*** Opening of Data records ***

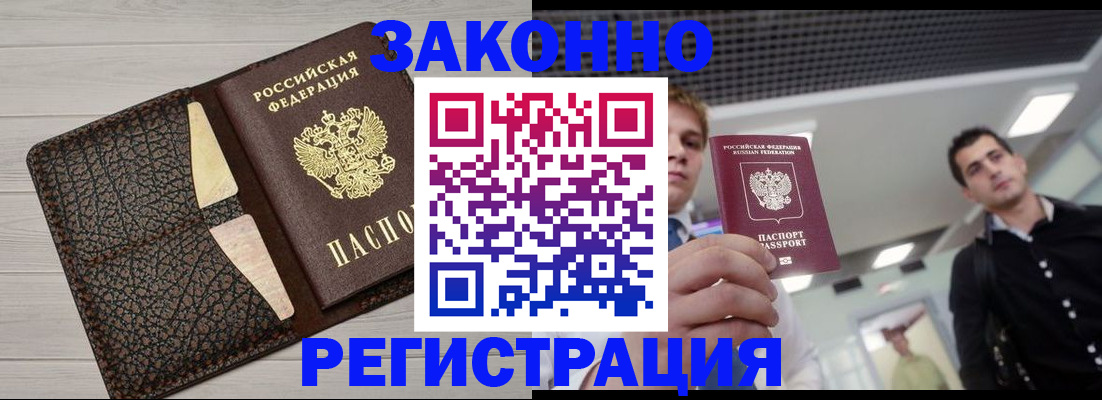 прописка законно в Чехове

*** Close of Data records ***
*** Opening of Data records ***

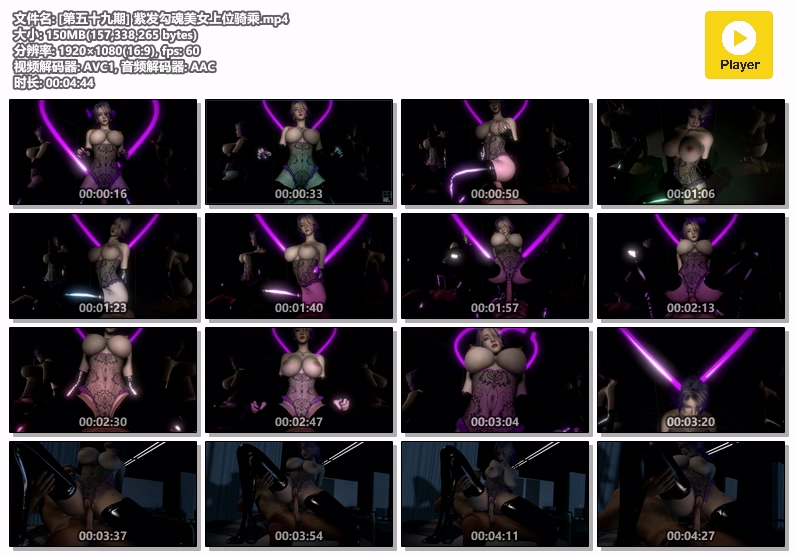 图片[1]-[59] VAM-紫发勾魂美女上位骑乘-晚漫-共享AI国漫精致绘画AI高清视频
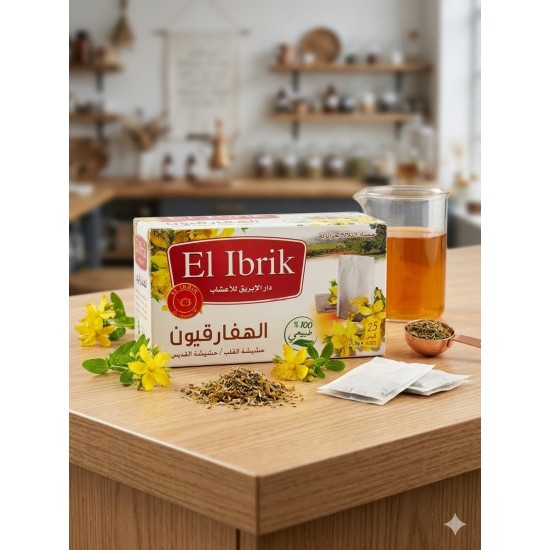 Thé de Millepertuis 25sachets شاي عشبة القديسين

*** Close of Data records ***

Work to be completed – Start at the line containing "图片[1]-[59] VAM" above and stop at the line containing "Thé de Millepertuis". Output those lines exactly, both included, but none of the pictures.

Answer space –
 图片[1]-[59] VAM-紫发勾魂美女上位骑乘-晚漫-共享AI国漫精致绘画AI高清视频
 Thé de Millepertuis 25sachets شاي عشبة القديسين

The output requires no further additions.